Вовлеченная в стратегию культурности музыка, наряду с другими «мягкими инструментами дисциплинирования» (В. Волков) советского гражданина, ненавязчиво выполняла и иную – новую для себя роль: вслед за «идеологизацией интимного», которая была осуществлена на материале музыки ее идеологическими интерпретациями, осуществлялась «интимизация идеологического». Как писали о песенном репертуаре сталинской эпохи, «в мир прежних, более или менее замкнутых индивидуальных эмоций теперь входит тема более глубокого общественного значения». Очевидно, что подобные примеры «обнаруживаются в советской культуре и помимо песенных жанров». Нет сомнений в том, что этот синтез общественного и личного был сформирован и в восприятии массовым советским слушателем классической музыки.

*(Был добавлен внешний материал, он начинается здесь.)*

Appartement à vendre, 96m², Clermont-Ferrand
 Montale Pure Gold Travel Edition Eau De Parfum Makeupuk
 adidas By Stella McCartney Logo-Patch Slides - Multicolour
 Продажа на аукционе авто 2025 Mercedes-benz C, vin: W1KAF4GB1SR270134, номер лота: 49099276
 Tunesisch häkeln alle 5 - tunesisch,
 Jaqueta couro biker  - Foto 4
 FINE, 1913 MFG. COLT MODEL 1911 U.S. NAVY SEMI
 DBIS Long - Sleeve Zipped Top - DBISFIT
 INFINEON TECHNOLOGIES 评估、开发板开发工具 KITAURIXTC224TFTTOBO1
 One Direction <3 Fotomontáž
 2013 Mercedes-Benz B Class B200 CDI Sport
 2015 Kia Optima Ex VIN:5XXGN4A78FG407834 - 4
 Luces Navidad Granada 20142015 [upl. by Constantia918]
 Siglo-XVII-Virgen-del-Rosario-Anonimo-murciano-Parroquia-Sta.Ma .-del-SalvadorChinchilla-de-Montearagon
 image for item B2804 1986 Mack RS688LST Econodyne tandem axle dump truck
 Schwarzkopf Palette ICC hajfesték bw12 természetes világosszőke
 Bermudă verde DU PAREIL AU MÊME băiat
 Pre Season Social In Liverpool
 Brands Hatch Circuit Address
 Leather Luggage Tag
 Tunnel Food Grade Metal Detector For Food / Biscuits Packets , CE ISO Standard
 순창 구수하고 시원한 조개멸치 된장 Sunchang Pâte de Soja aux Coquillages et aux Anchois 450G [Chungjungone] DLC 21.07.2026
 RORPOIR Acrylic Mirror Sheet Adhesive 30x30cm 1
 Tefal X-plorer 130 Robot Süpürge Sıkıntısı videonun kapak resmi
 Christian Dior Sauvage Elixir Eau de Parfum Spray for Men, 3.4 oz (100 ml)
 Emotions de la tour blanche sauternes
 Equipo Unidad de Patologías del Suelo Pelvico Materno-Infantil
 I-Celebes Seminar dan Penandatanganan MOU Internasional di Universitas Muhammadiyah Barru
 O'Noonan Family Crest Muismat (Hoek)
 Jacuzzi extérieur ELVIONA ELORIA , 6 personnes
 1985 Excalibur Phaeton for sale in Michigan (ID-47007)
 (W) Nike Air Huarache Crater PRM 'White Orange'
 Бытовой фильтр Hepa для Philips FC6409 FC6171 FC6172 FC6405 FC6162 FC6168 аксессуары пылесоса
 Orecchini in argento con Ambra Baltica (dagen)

Таким образом, степень утрат и приобретений и самой классики, и советского слушателя в исследованных эдесь процессах вряд ли возможно оценить однозначно, в особенности соотнося их с современным положением академической музыки, явно «пораженной в правах» в российском обществе. Но тогда возникает центральный вопрос, адресованный и настоящему и будущему: какой ценой возможно было бы вернуть ей утраченный социальный статус? И в ответ – «крамольное» предположение, что непреложным условием этого по-прежнему остается описанная здесь в своих фундаментальных чертах мифологизация ее образа – прагматичное «опрощение» в идеологических целях.
Альтернатива неутешительная, но другой история, по-видимому, пока не предложила.